§ Work instruction
Each record below is to be copied word for word, with pictures removed.
[Data section]
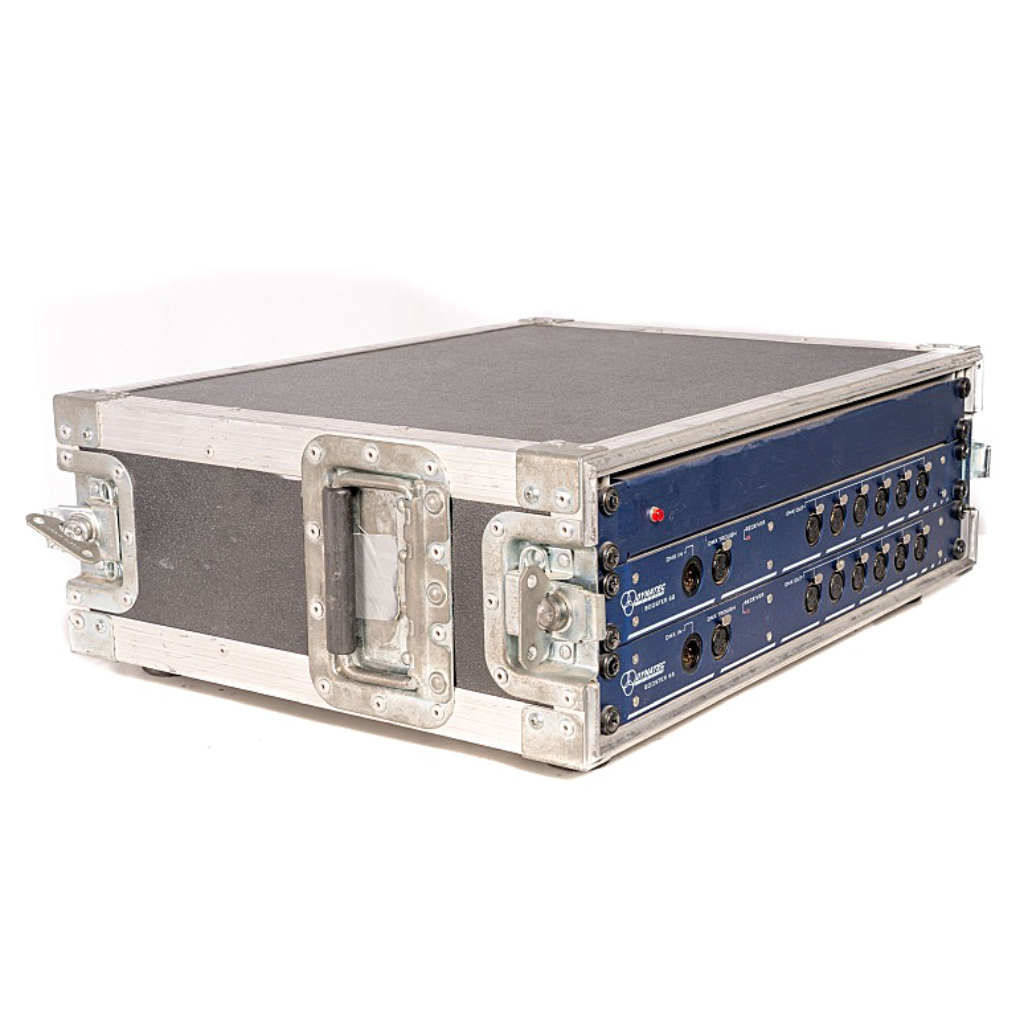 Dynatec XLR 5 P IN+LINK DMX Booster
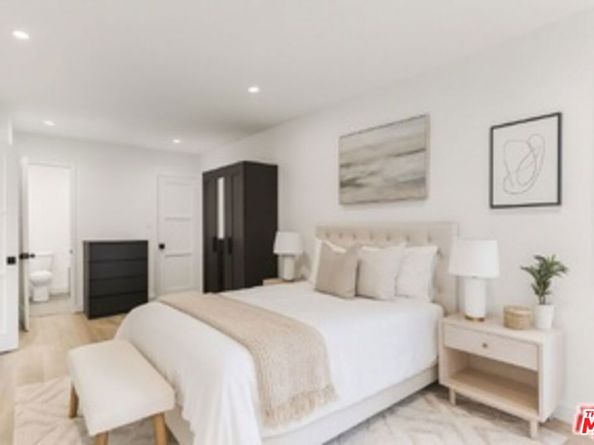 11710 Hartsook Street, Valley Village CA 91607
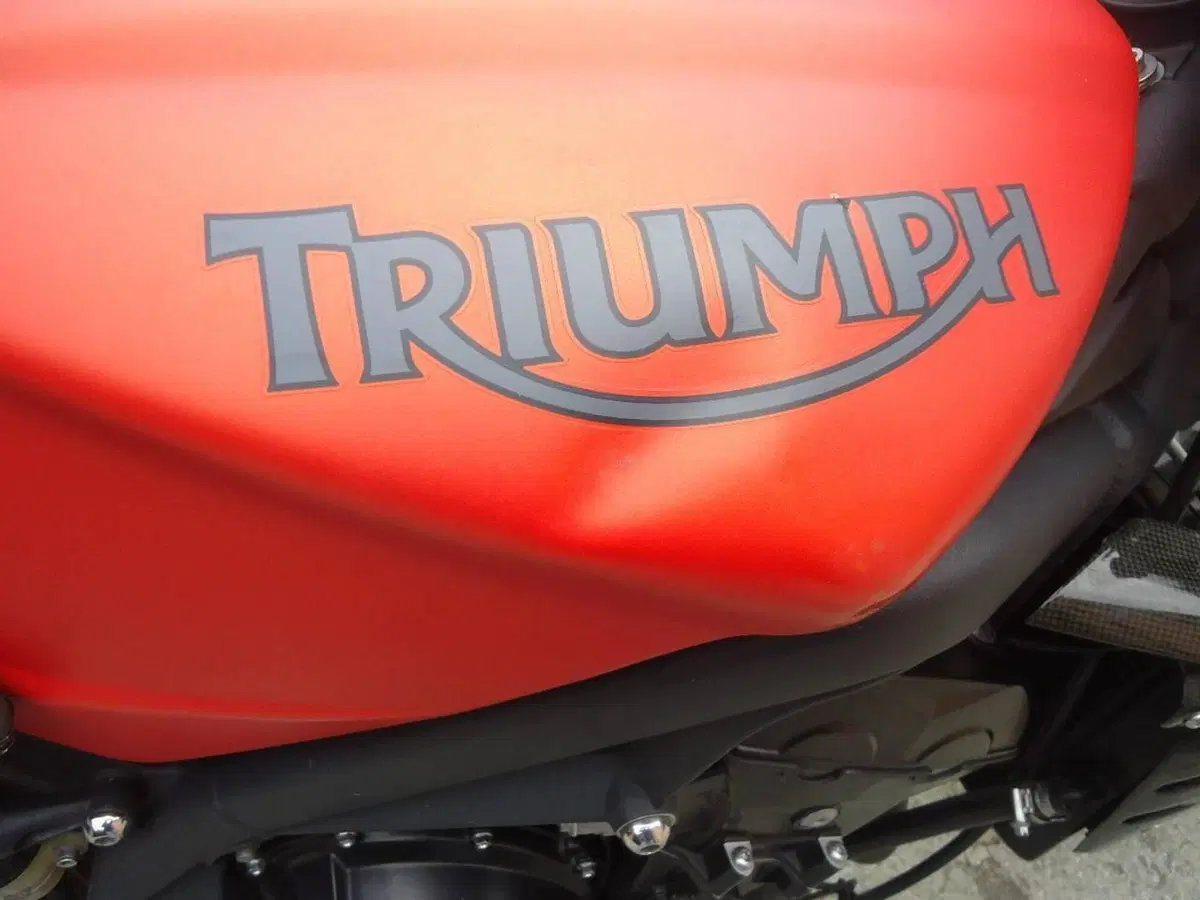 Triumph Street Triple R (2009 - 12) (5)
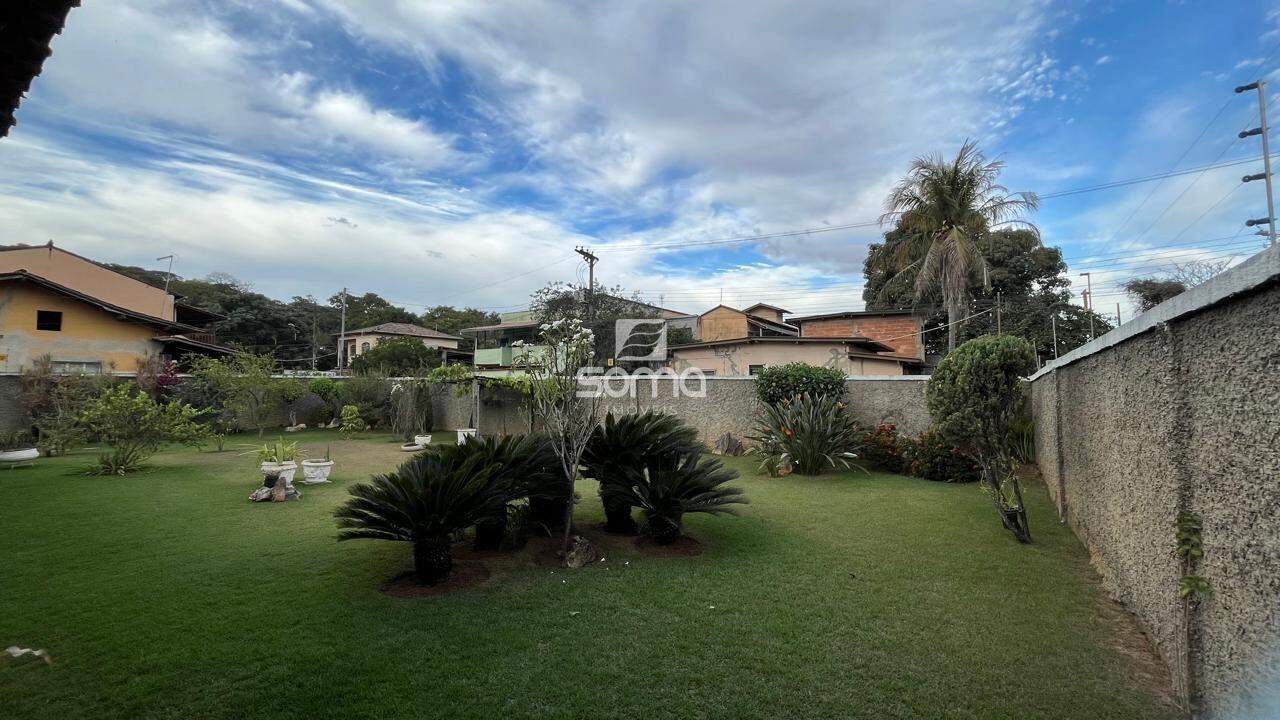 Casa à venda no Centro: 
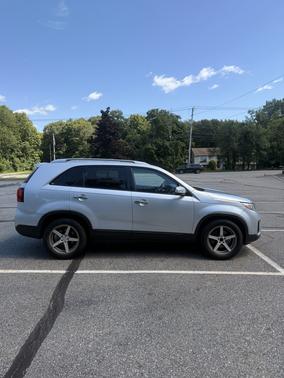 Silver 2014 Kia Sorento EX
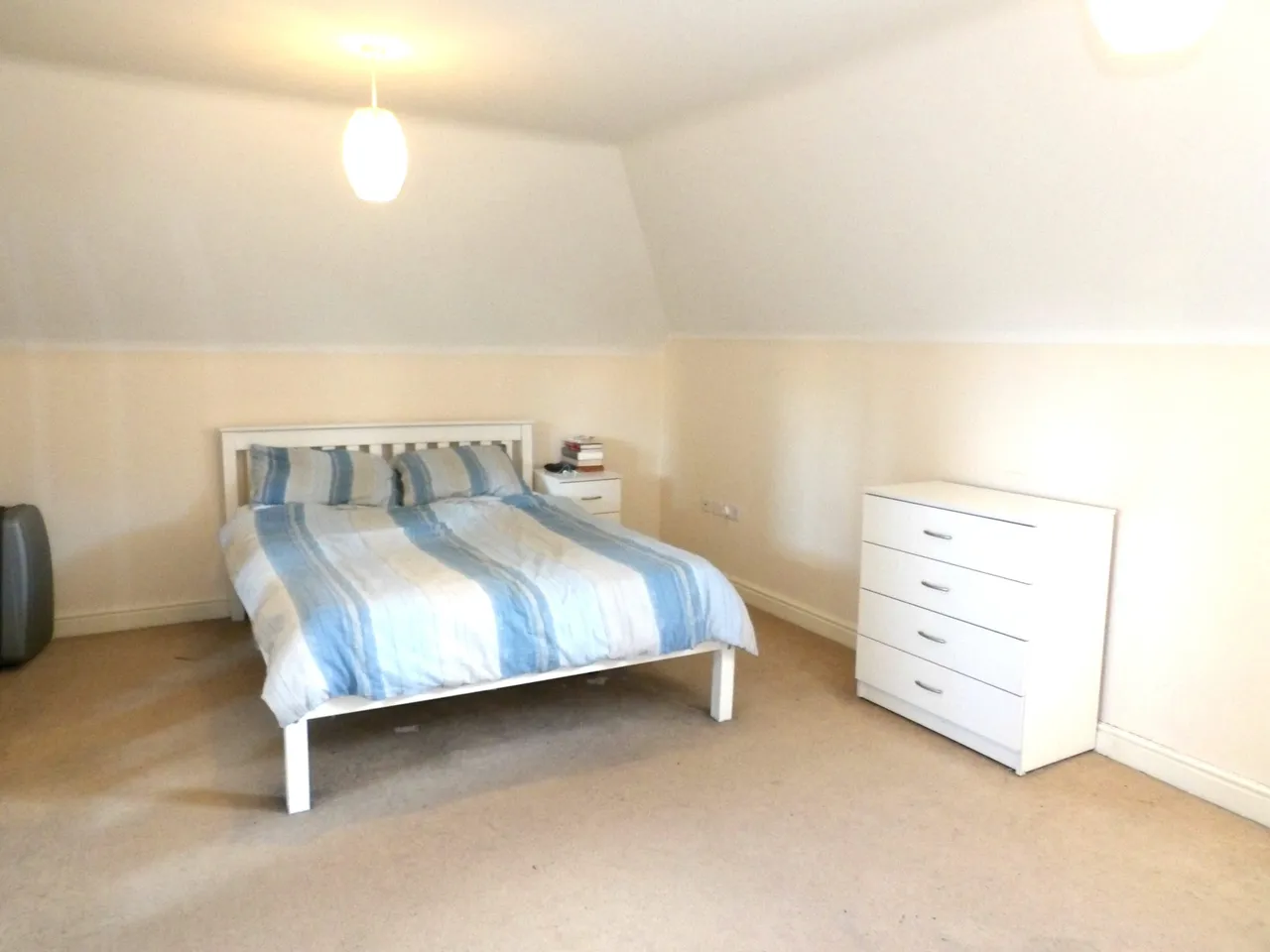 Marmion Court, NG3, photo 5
[/Data section]
§ Solution for this problem
 Dynatec XLR 5 P IN+LINK DMX Booster
 11710 Hartsook Street, Valley Village CA 91607
 Triumph Street Triple R (2009 - 12) (5)
 Casa à venda no Centro: 
 Silver 2014 Kia Sorento EX
 Marmion Court, NG3, photo 5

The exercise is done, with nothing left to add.